Sexism drives the gender pay gap, which is higher than the national average tech forms in both the UK and the US. Women in tech earn less than their male counterparts, and the gap is even larger for women of colour. This is not only unfair and unjust, but also demotivating and discouraging for women who want to pursue a career in tech.

Stereotypes and biases limit women’s potential and opportunities

A third challenge that women encounter in tech companies is the stereotypes and biases that limit their potential and opportunities. Many women face implicit and explicit biases that question their competence, credibility, and confidence in tech roles. For example, women are often assumed to be less skilled, less interested, or less committed to technology than men. Women are also often subjected to higher standards, lower expectations, or lower rewards than men for the same work. Paul Diamond, People and Career Consultant, Keep Consulting Ltd notes: “I’ve seen plenty of instances of where women leaders know what needs to be done, they know what they want to do but they question themselves and someone/something else moves in their place. I’m not arguing for the absence of doubt but if a cycle like this keeps happening, you have to learn from it and change your behaviour in the future, otherwise it will just keep happening again and again.”

The stereotypes and biases that affect women in tech also influence their access to education, funding, networking, mentoring, and career advancement. For instance, women are underrepresented in STEM fields at all levels of education, from primary school to university. Women receive less venture capital funding than men for their tech startups. Women also have fewer opportunities to network with other tech professionals, mentors, or sponsors who can help them grow their skills, visibility, and influence. As Dr. Elena Liquete, University of Bath says, “there is an unsubstantiated belief in society that men are better with tech. Whilst there isn’t a scrap of evidence to support that view, it persists, limiting opportunities for women and fostering a less diverse and more biased technology sector. Every one of us, regardless of gender, has a duty to debunk that myth.”

How we can change the status quo

AI can be unsafe or harmful for women and other marginalised groups if it is designed and developed by a male-dominated tech industry. This is why we need AI safe leadership, which means having leaders who are ethical, diverse, and strategic in their approach to AI. Ethical leaders who can align AI with human values and principles. Diverse leaders who can bring different perspectives and experiences into AI systems. Strategic leaders who can balance the risks and benefits of AI for society. One of the key steps towards AI safe leadership is to include and develop more women in tech companies. This means having effective human resources management and a culture of respect, inclusion, and collaboration for women in tech roles. By doing so, tech companies can improve their performance and reputation, as well as the quality and safety of AI.

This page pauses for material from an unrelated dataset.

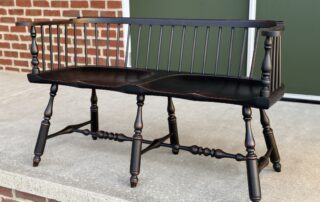 Low Back Windsor Settee with shaped seat and antique black over red finish.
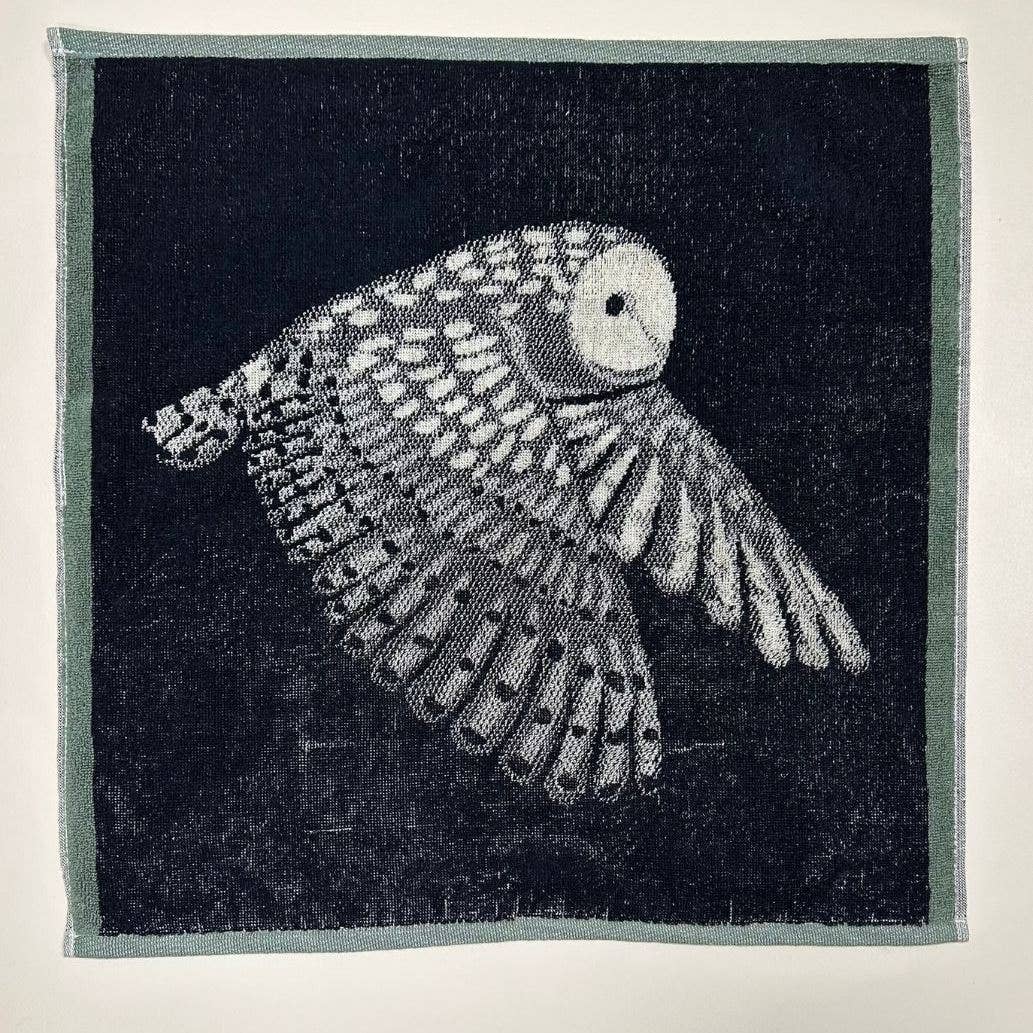 Das Küchenhandtuch "Eule" von Sylvie Thiriez zeigt eine detailreiche weiße Eule im Flug auf dunklem Grund mit filigranen Federn und hellem Rand - perfekt als OEKO-TEX zertifiziertes Küchenhandtuch.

I have worked with women in technology for a year and I have seen their challenges and achievements in this field. I have also seen how many women in tech groups are working hard to promote gender diversity and inclusion in the tech industry. However, there is still a lot to do before we can achieve gender equality in tech. We need more action from tech companies, governments, educators, media, and investors. We need more trust in women’s abilities and potential in tech.

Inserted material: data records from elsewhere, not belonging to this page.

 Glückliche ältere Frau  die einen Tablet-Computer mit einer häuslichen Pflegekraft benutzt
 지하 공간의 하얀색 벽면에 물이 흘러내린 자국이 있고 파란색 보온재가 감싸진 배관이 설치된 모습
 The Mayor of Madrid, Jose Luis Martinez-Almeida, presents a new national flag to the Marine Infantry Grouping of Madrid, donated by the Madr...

We can trust AI if we trust AI leaders. And we can trust AI leaders if they are ethical, diverse, and strategic. AI advisor and Founder of Diverse AI, Toju Duke, put it this way: “AI safety is crucial not only to the success of AI development but to the protection of human lives which include their mental, psychological and emotional wellbeing.

“One of the issues facing AI today is its lack of safety guardrails and trustworthiness, which in part is due to the absence of gender diversity in thought, race, sexual orientation, ability – disability – and so on in the teams that develop these technologies,” she added. “In order to achieve safety for all, further economic growth and the success of any organisation working with AI systems, it’s imperative that the diversity numbers in tech and AI improve, otherwise we’re going to have a big problem on our hands.”

We can have ethical, diverse, and strategic leaders if we have more women in tech. Therefore, we need more women in tech for AI safety. HR leaders especially have a role to play in making the tech industry more welcoming and rewarding for women. By doing so, we can unleash the full potential of women in tech, and benefit from their creativity, talent, and impact.